What to work on:
Only the lines from the one containing "[BRSRMZYBCAPQMCL7] Fastest Sleep" through the last line of the material should be copied, exactly as written and without pictures.

Exercise data:
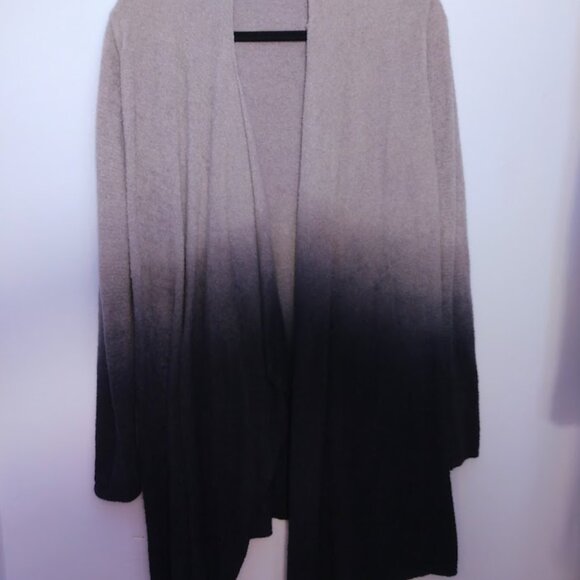 2 Barefoot Dreams Calypso Waterfall Ombre Cardigans Cozy Chic Lite Knit S/M FLAW - Picture 4 of 16
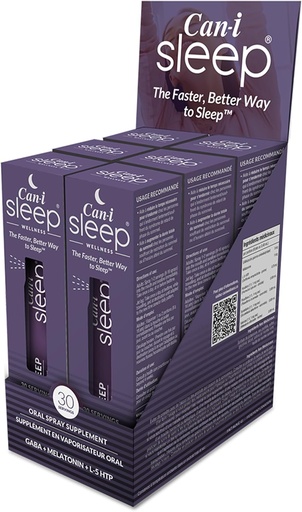 [BRSRMZYBCAPQMCL7] Fastest Sleep Spray Working in 10 mins, Best Sleep Aid for Adults, Relaxium Through The Night with Can-i Sleep All Natural Sleep Vitamins - 180 Servings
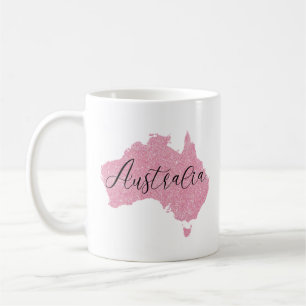 Australien Land Schimmernde Farbe Kaffeetasse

Solved exercise:
 [BRSRMZYBCAPQMCL7] Fastest Sleep Spray Working in 10 mins, Best Sleep Aid for Adults, Relaxium Through The Night with Can-i Sleep All Natural Sleep Vitamins - 180 Servings
 Australien Land Schimmernde Farbe Kaffeetasse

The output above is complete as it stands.